Re: Concerns about File endpoint

Posted by Claus Ibsen <cl...@gmail.com>.
Hi

Glad I could help. The preMove command is a very good idea. Please
feel free to create a ticket about it in JIRA.

Yeah the jms-component auto deciding the javax.jms.XXX message type is
an issue I also would like to remedy for Camel 2.0.
There is a ticket about it.

However you want to only send the java.io.File over the JMS and not
the actual payload of the file (kinda like sending the pointer of the
file).
I would envision that java.io.File by default would load the file
content and send that over JMS. So you want to keep it as a
java.io.File object and that's it.

We have a ticket for sending the exchange itself, like we have for
camel-mina: transferExchange=true. That one would resolve the issue
you have, since you are using Camel as both sender and reciever of the
JMS queues. There are some ticket in JIRA for this. Feel free to
comment and vote for them.

We might get started on them pretty soon, then you could help test it
on your system.


The idempotent repository for the file consumer can be changed to a
jpa version, or you can implement your own. The jpa will persist in a
DB and thus survive restarts. We are also planning on a file base repo
as well. In fact it's on my next todo list. Do you have any
suggestions / requirements for such a file based repo?



/Claus Ibsen
Apache Camel Committer
Blog: http://davsclaus.blogspot.com/



On Wed, Dec 3, 2008 at 4:27 PM, Christopher Hammack
<ch...@fadedsky.com> wrote:
>
> Thanks for the clarification.  This does completely explain the situation,
> and applying a variant of your solution "a" seems to have things working
> much more reliably.
>
> However, I'd like to suggest that you add a "preMove" option as it seems to
> be pretty much a requirement for doing clustered seda-style processing from
> a file endpoint.  I suppose you could use the new noop/idempotent
> capabilities that you have added in 2.0, but it's also nice to have
> separation between files that have yet to be discovered and files that are
> in process and also I'm a little leery of keeping state information like
> that around as the file endpoint idempotent data presumably (maybe I'm
> wrong?) doesn't persist across restarts, etc.
>
> Also, is there a way to disable the implicit conversion of java.io.File to a
> jms bytes message on JMS?  This is also not desirable in this situation.
> Putting gigabytes of byte data on jms does not work out very well.  To get
> around this we have to convert the java.io.File to a String prior to putting
> it on JMS, and then convert it back to a java.io.File so we can give our
> users the ability to use the camel built in transformers to transform to the
> input method of their choice (byte[], InputStream, FileReader, java.io.File,
> etc.).  This works, but it kind of takes away from the "cleanliness" of the
> routes.
>
> Thanks for your help--we've found camel to be much superior in many ways to
> another animal-named esb product that we're attempting to migrate away from.
>
>
>
> Claus Ibsen-2 wrote:
>>
>> Hi
>>
>> #1
>> The move is executed *AFTER* the routing.
>> The idea is that you process the file while it's in the target folder
>> (where its dropped) and after processing you can move it to a backup
>> folder.
>>
>> #2
>> Ah I speculate that the JMS consumer is faster than the file consumer
>> so when you drop a JMS message with the filename pointing at the move
>> folder then the JMS consumer in some circumstances be ahead of the
>> file consumer and trying to get the file before it's actually moved
>> there.
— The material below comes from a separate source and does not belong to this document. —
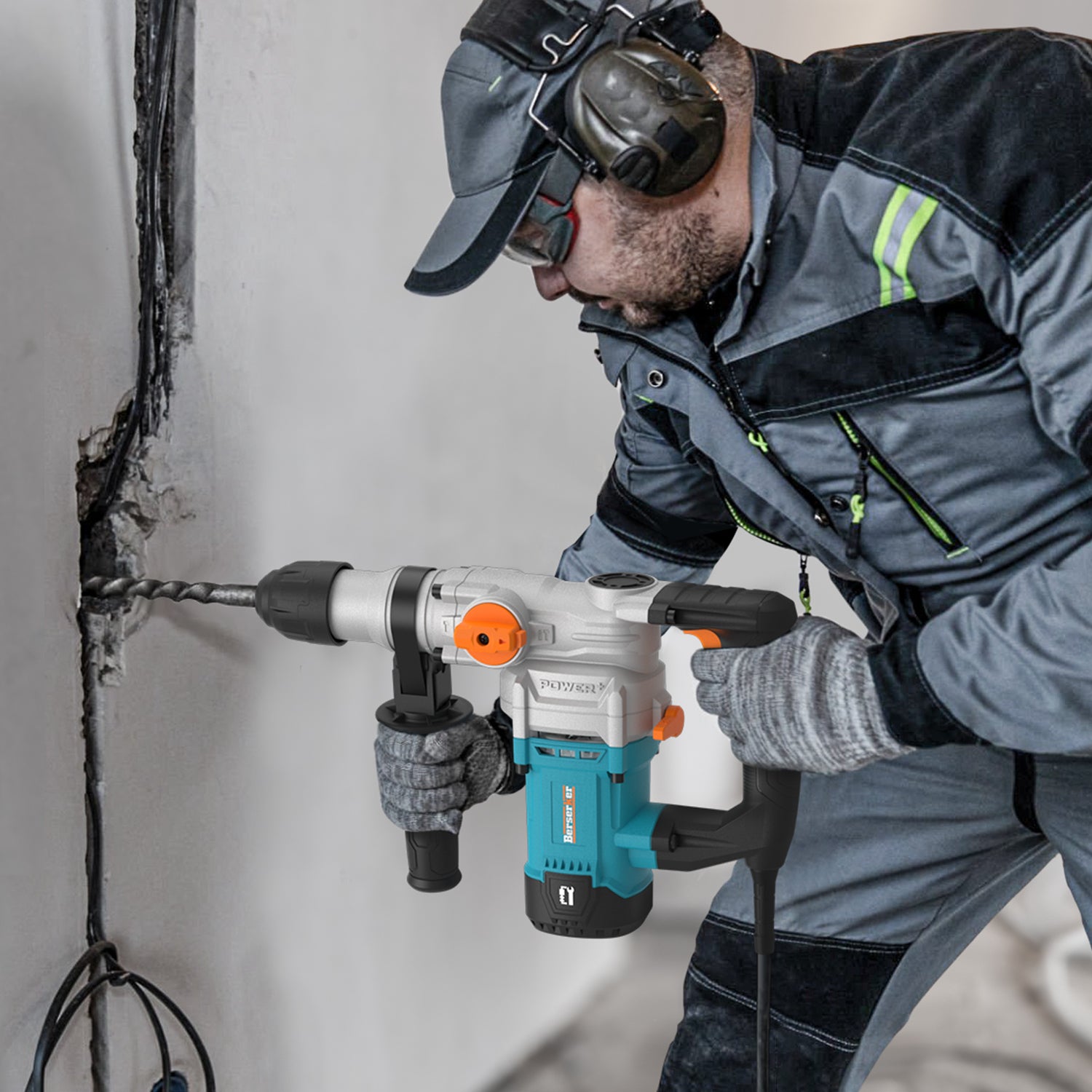 1-1/8" SDS-Plus Rotary Hammer Drill - In-use scenario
Hence #1
>>
>>
>> You could to fix
>> =============
>> b) use camel to route and move the file using pipes and filters
>> from("file://inbox?delete=true").to("file://moved").to("jms:queue:pleasegetthefilenow");
>> Note: However this will read the file content and save it as a new
>> file, it's not a native File IO move operation
>>
>> a) move the file yourself and then afterwards send the JMS message.
>> from("file://inbox").to("bean:myFileMover").to("jms:queue:pleasegetthefilenow");
>>
>> Using a POJO bean you can move the file yourself using File rename.
>>
>>
>>
>> /Claus Ibsen
>> Apache Camel Committer
>> Blog: http://davsclaus.blogspot.com/
>>
>>
>>
>> On Tue, Dec 2, 2008 at 11:51 PM, Christopher Hammack
>> <ch...@fadedsky.com> wrote:
>>>
>>> In addition to the memory leak issue in Camel 1.5.0, I have a few other
>>> concerns about the file consumer endpoint--some of which could be a
>>> misunderstanding on my part:
>>>
>>> 1.  When using the default move capability (moving a file to .camel)
>>> after
>>> it has been picked up, the java.io.File object refers to the path BEFORE
>>> the
>>> move, not after.  So in order to actually read the file, my processing
>>> code
>>> must have knowledge of which path the file was moved to.  Is this
>>> intentional?
>>>
>>> 2.  Occasionally, especially when the system is under considerable load,
>>> the
>>> java.io.File object that I get is not available in the moved location,
>>> which
>>> generates a FileNotFoundException.  When I check that location later on,
>>> the
>>> file is in the correct location.  Looking at the code, it seems like the
>>> message should not be being propogated back to me prior to the rename
>>> occurring, but it is apparently happening.  Any thoughts?
>>>
>>> The use case for this is a very large number of small files is being
>>> dropped
>>> into a directory.  This directory is then being scanned by camel's file
>>> endpoint.  The files as they are discovered are then moved to the .camel
>>> directory, and the filename is put onto a jms endpoint.  A clustered set
>>> of
>>> camel processors then pull the filename off the endpoint and process the
>>> file, and then delete it.
>>>
>>> Any suggestions would be appreciated as right now I'm "stranding" about
>>> one
>>> out of every 1000 files because the processing checks for the file prior
>>> to
>>> the file actually being in the moved location.
>>>
>>> Thanks.
>>> --
>>> View this message in context:
>>> http://www.nabble.com/Concerns-about-File-endpoint-tp20802855s22882p20802855.html
>>> Sent from the Camel - Users mailing list archive at Nabble.com.
>>>
>>>
>>
>>
>
> --
> View this message in context: http://www.nabble.com/Concerns-about-File-endpoint-tp20802855s22882p20815087.html
> Sent from the Camel - Users mailing list archive at Nabble.com.
>
>

Re: Concerns about File endpoint

Posted by Christopher Hammack <ch...@fadedsky.com>.
Thanks for the clarification.  This does completely explain the situation,
and applying a variant of your solution "a" seems to have things working
much more reliably.

However, I'd like to suggest that you add a "preMove" option as it seems to
be pretty much a requirement for doing clustered seda-style processing from
a file endpoint.  I suppose you could use the new noop/idempotent
capabilities that you have added in 2.0, but it's also nice to have
separation between files that have yet to be discovered and files that are
in process and also I'm a little leery of keeping state information like
that around as the file endpoint idempotent data presumably (maybe I'm
wrong?) doesn't persist across restarts, etc.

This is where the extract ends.